The Effect of COVID‐19 on Platelet Counts in Persistent and Chronic Adult ITP Patients: A Real‐World Study in China
Yujiao Zhang, Lei Yang, Zhongping Xu, Xin Zhou

TL;DR
This study examines how mild COVID-19 affects platelet levels in adult ITP patients, finding temporary increases in platelet counts among those treated with TPO-RA drugs.
Contribution
The study reveals that TPO-RA-treated ITP patients experience transient platelet surges after mild COVID-19, suggesting a synergistic effect with inflammatory cytokines.
Findings
TPO-RA-treated ITP patients showed transient platelet surges peaking one week post-infection.
Platelet levels returned to baseline within 2–3 weeks after infection.

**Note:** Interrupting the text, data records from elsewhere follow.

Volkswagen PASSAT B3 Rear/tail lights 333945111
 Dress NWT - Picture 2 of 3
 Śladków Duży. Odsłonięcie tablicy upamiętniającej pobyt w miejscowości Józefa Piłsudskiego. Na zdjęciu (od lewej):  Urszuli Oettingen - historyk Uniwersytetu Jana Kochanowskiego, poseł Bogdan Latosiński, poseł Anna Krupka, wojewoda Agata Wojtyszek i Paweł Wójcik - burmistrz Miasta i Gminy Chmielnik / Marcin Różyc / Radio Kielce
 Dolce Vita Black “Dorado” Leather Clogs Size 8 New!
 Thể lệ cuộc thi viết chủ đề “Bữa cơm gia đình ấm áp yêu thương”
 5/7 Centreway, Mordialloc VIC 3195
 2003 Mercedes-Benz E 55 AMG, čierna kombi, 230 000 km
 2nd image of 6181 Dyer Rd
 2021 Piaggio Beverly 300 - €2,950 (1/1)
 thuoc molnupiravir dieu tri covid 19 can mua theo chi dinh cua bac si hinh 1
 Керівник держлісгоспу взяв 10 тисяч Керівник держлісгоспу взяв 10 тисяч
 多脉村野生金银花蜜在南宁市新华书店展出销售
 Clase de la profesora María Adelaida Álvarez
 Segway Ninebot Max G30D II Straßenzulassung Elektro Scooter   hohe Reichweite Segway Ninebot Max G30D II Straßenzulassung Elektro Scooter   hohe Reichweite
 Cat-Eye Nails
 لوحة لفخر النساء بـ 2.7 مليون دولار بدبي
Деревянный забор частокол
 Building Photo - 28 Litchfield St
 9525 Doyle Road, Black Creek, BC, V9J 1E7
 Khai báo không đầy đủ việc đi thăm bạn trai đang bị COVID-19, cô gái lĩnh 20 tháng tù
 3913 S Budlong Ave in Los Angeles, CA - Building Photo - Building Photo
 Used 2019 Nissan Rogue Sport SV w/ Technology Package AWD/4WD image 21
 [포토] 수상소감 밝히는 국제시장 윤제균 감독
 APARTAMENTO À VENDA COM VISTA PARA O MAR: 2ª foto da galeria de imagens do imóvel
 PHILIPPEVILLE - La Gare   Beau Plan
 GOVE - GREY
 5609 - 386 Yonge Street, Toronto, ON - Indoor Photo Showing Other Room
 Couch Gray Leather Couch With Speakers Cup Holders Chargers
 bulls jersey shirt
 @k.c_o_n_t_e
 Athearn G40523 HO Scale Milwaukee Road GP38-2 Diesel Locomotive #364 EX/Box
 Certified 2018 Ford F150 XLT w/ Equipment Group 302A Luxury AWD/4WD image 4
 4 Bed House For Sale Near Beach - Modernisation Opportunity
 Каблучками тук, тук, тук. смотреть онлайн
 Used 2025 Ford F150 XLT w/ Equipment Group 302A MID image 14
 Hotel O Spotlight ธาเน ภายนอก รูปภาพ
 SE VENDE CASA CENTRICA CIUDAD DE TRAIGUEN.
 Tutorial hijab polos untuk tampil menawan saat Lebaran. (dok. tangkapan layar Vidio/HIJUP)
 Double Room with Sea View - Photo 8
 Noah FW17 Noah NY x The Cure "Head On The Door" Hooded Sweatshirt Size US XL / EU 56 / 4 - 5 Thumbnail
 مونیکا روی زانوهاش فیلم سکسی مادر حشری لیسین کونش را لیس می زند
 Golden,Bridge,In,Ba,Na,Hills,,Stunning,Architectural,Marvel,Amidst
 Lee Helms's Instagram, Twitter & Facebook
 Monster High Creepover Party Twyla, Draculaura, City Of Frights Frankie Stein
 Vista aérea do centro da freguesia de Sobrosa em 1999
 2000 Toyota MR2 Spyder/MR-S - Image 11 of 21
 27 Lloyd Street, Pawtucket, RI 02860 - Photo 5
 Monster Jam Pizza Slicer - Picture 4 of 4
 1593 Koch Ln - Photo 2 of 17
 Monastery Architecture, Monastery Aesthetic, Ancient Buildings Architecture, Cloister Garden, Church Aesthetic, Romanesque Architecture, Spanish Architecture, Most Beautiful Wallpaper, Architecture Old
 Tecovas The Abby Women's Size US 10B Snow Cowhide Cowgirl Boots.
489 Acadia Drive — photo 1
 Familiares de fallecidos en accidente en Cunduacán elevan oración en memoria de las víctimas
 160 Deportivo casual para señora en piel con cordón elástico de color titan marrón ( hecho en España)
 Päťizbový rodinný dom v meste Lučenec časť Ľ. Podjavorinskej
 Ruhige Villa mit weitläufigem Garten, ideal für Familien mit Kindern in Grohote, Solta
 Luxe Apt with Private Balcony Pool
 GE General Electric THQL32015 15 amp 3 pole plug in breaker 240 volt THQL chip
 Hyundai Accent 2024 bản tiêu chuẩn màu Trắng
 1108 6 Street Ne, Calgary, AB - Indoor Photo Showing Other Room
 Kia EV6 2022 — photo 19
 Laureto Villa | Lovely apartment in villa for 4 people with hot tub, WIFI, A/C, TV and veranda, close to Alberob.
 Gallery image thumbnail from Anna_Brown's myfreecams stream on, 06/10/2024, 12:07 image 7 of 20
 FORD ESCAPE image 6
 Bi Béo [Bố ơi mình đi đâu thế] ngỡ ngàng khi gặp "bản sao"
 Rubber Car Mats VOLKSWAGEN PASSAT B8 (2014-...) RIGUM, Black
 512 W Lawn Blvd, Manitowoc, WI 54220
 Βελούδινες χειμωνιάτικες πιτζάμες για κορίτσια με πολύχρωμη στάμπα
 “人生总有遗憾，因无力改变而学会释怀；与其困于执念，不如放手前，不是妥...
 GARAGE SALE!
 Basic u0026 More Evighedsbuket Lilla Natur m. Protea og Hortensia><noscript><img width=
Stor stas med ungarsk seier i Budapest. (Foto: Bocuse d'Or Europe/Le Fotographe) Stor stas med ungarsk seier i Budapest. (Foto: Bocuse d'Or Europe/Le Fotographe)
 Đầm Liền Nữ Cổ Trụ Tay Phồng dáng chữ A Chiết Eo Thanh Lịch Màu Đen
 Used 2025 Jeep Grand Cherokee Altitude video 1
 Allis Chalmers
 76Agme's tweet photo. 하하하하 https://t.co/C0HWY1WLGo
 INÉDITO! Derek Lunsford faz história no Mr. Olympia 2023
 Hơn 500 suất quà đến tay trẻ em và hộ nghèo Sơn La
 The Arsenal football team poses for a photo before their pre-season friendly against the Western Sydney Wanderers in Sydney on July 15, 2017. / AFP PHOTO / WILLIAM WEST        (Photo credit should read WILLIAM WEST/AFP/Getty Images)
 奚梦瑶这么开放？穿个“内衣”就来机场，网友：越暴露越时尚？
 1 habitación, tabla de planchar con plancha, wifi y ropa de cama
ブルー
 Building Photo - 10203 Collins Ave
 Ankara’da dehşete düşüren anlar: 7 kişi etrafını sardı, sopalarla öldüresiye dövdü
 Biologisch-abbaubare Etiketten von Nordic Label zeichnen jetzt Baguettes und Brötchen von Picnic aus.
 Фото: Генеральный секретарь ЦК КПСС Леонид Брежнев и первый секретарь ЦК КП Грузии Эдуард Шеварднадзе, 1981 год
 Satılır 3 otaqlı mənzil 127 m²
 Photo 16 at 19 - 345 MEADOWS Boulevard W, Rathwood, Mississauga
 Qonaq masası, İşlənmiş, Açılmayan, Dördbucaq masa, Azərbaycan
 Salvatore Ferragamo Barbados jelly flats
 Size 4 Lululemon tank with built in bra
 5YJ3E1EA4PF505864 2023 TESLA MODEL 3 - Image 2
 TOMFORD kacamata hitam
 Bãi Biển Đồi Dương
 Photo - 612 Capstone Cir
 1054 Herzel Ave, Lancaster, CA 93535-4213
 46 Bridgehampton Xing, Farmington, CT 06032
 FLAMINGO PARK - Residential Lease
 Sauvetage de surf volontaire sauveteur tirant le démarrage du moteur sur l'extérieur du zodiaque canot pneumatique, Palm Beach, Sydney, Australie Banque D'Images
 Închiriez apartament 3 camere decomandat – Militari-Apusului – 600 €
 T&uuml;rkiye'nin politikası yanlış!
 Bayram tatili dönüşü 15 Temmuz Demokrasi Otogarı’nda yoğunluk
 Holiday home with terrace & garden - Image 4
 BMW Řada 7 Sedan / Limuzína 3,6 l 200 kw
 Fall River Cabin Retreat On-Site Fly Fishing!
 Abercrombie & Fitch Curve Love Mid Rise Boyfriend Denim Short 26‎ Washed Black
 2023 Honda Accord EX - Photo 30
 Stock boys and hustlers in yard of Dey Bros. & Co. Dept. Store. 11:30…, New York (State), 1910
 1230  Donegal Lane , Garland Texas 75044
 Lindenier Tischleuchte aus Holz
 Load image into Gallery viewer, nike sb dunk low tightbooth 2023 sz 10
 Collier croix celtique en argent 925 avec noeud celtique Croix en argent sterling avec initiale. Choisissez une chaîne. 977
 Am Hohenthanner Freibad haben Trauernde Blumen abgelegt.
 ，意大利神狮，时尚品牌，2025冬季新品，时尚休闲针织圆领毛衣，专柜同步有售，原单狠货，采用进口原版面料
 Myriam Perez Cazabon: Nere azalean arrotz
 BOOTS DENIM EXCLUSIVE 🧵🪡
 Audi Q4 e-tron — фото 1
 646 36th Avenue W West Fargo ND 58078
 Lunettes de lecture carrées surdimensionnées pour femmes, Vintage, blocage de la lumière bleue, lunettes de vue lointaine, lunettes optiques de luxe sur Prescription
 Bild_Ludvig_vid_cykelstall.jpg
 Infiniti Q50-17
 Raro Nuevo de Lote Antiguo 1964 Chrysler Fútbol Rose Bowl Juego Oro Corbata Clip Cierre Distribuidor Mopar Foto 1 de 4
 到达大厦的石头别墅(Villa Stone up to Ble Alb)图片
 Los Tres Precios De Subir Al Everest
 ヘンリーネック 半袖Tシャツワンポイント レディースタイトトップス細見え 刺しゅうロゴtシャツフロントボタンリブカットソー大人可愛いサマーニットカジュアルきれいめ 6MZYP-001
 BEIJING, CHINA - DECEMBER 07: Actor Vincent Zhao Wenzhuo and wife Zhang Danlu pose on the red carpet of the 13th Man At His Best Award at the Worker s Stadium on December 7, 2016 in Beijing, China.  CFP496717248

The platelet response in ITP patients contrasts with thrombocytopenia patterns in non-ITP populations.
Abstract
While coronavirus disease 2019 (COVID‐19)‐associated thrombocytopenia is well‐documented, its effects on immune thrombocytopenia (ITP) patients remain unclear. This study aimed to investigate the impact of COVID‐19 infection on platelet (PLT) dynamics in chronic ITP patients. This retrospective study analyzed 21 persistent and chronic ITP patients before and after mild COVID‐19 infection during China's December 2022 reopening, comparing platelet parameter changes with a focus on clinical characteristics of thrombopoietin receptor agonist (TPO‐RA) treated patients. TPO‐RA treated patients demonstrated transient platelet surges peaking at 1 week postinfection, returning to baseline within 2–3 weeks, contrasting sharply with thrombocytopenia patterns in non‐ITP populations. This suggests synergistic effects between virus‐induced inflammatory cytokines and TPO‐RA may drive transient…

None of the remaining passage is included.